4. Multiply that number by 100 to get a percentage. If you make $6,000 a month and save $600 a month for your retirement, personal savings, and other funds, then your savings rate is 10 percent.
When you do these calculations, don’t forget the money that is contributing to a retirement account, health savings account, etc. Once you know your savings percentage rate, make it your goal to increase it by one percent before the end of the year. Track your progress throughout the year. It is recommended that you save at least 20 percent of your monthly income.
Boost Your Credit Score
The better your credit score is, the lower interest rates you pay on your mortgage, credit cards, and auto loans. If you are thinking about getting a new credit card or getting a car loan, or you want to buy a house, improving your credit score by just a few points could save you tens of thousands of dollars.
To improve your credit score, you have first to know what it is. Once you know what your credit history is, you can start to make improvements. You can get a free credit report every single year from Equifax, TransUnion, or Experian.
Have you skipped a lot of payments? Are there old accounts that are long overdue that you forgot about? All of this will appear on your credit report.
Armed with this knowledge, you can take steps to improve your credit over the next 12 months. Over the next year, pay your bills on time. Track your spending. If there are ways to minimize bills, this will give you more money to pay against debt.
The less money you have on credit at any given time, the better. The goal should be to use less than 30 percent of your credit limit. If your credit limit is $20,000, you do not want to charge more than $6,000 at any given time.
Become Financially Savvy
In one year, you will not go from being financially illiterate to being a financial planner. However, you can take steps to improve your financial education.
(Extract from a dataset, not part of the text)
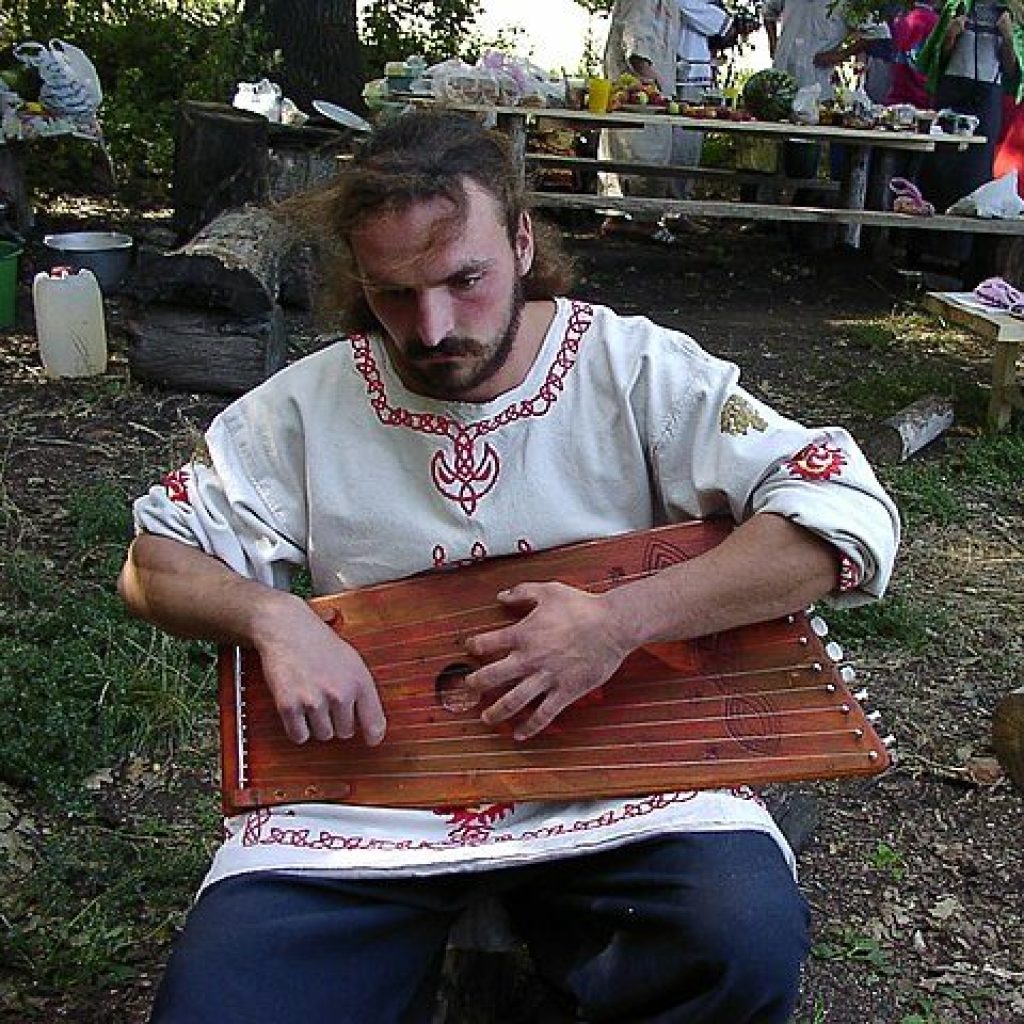 Gusli being played by man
This is more than just learning about the basics of savings and credit cards. Take the time to do some deep dives. For example, you can learn about Delaware statutory trust pros and cons. See how this impacts real estate investors and their ability to take capital gains deductions. Start to think about how this might impact your financial future.
If you have a partner, talk about your financial goals. Identify financial worries and together create financial strategies. Learning about money and being open and honest about money can bring a couple together and minimize the frustration and anger around shared finances.
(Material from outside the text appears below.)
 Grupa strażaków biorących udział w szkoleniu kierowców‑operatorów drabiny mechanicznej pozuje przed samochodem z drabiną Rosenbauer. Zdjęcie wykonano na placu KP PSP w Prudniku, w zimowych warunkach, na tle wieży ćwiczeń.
Don’t be ashamed because you do not know everything about finance. Talk to friends and family about money. Ask them what they are doing and try to learn from their successes while avoiding their failures.
Unless you somehow win the lottery or find a barrel of money, your financial situation will not get better on its own. It would help if you started by tracking your financial spending. Figure out where your money is going and how you can better allocate it. From there, you can take concrete steps to elevate your personal financial position.